- Data:
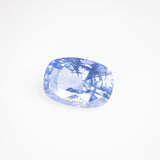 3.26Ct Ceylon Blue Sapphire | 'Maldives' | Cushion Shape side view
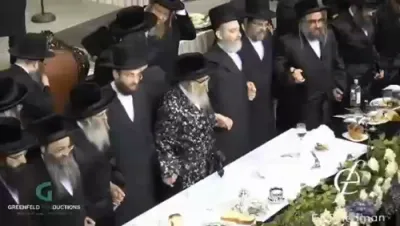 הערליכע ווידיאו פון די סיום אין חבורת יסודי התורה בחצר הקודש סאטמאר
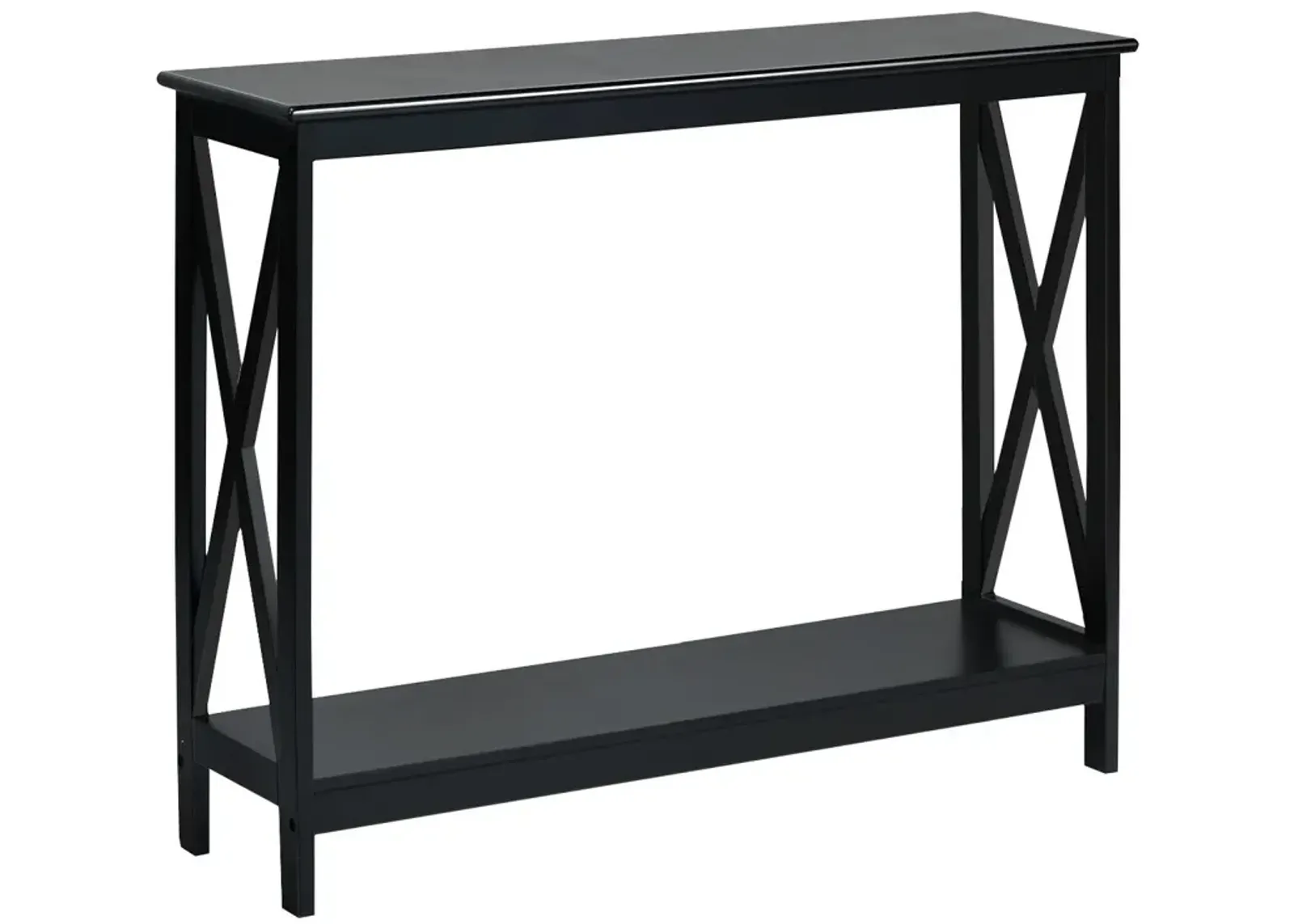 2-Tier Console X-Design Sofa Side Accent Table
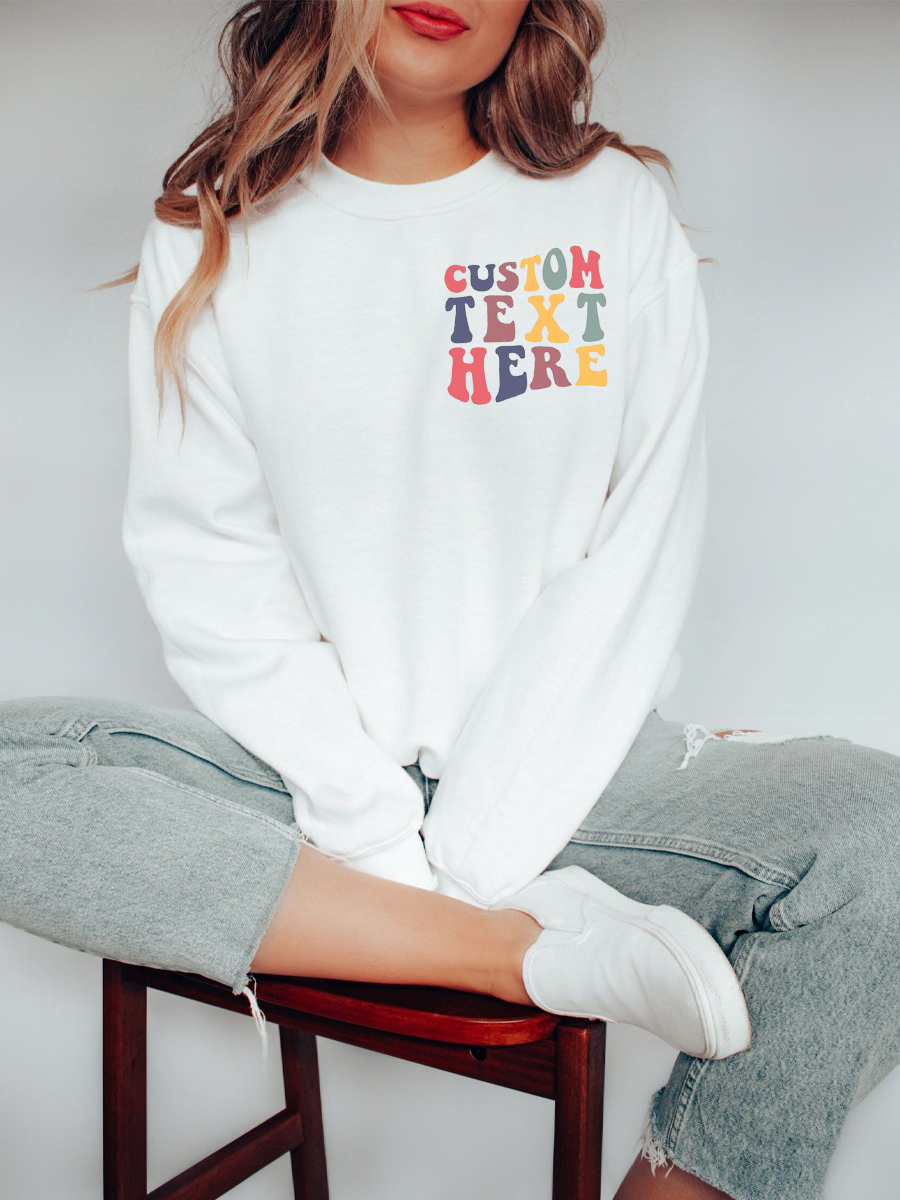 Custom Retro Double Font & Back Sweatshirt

- Assignment: Each line of the listing above must be given again exactly; the pictures are to be left out.

- Expected answer:
 3.26Ct Ceylon Blue Sapphire | 'Maldives' | Cushion Shape side view
 הערליכע ווידיאו פון די סיום אין חבורת יסודי התורה בחצר הקודש סאטמאר
 2-Tier Console X-Design Sofa Side Accent Table
 Custom Retro Double Font & Back Sweatshirt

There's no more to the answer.